BRIEF: Copy the data that appears below exactly. Drop the pictures.

COLLECTED DATA:
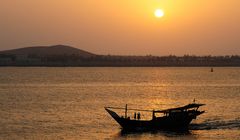 SONENNENUNTERGANG IN ABU DHABI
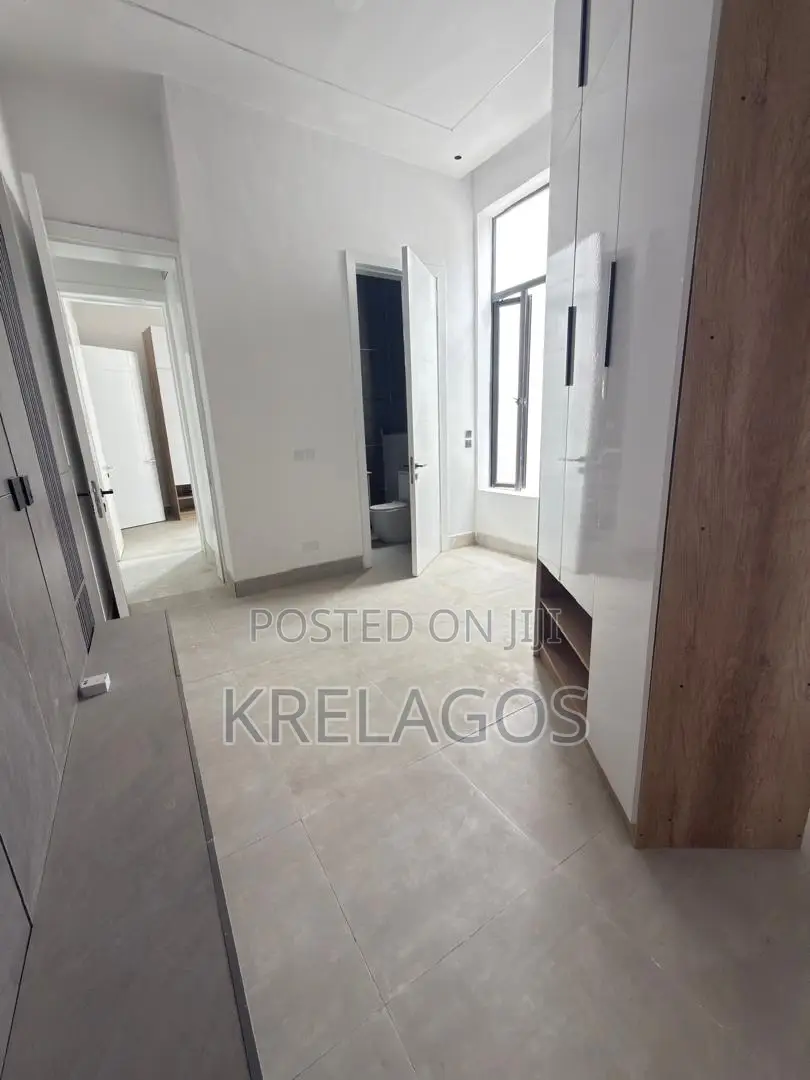4bdrm Duplex in Ado / Ajah for sale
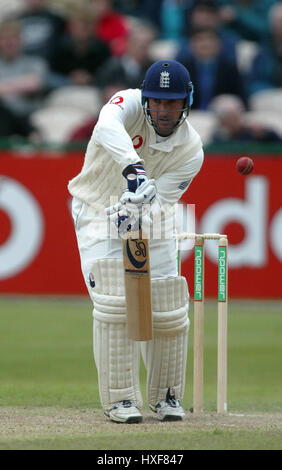 GRAHAM THORPE ENGLAND & SURREY CCC OLD TRAFFORD MANCHESTER 13. Juni 2002 Stockfoto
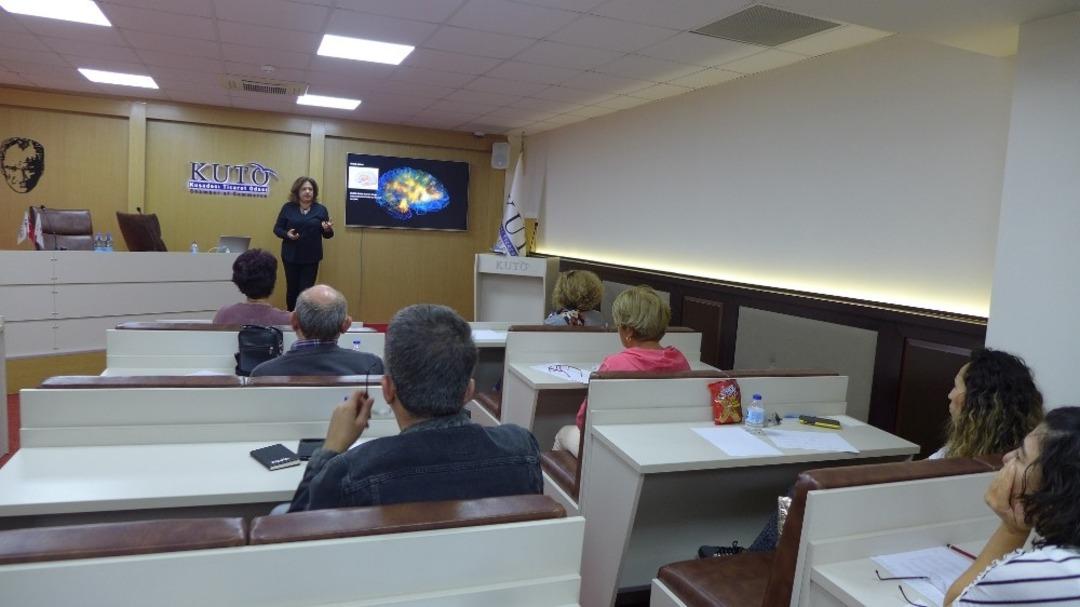 KUTO&rsquo;da iletişimde duygusal zekanın &ouml;nemi anlatıldı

SOLVED EXERCISE:
 SONENNENUNTERGANG IN ABU DHABI
4bdrm Duplex in Ado / Ajah for sale
 GRAHAM THORPE ENGLAND & SURREY CCC OLD TRAFFORD MANCHESTER 13. Juni 2002 Stockfoto
 KUTO&rsquo;da iletişimde duygusal zekanın &ouml;nemi anlatıldı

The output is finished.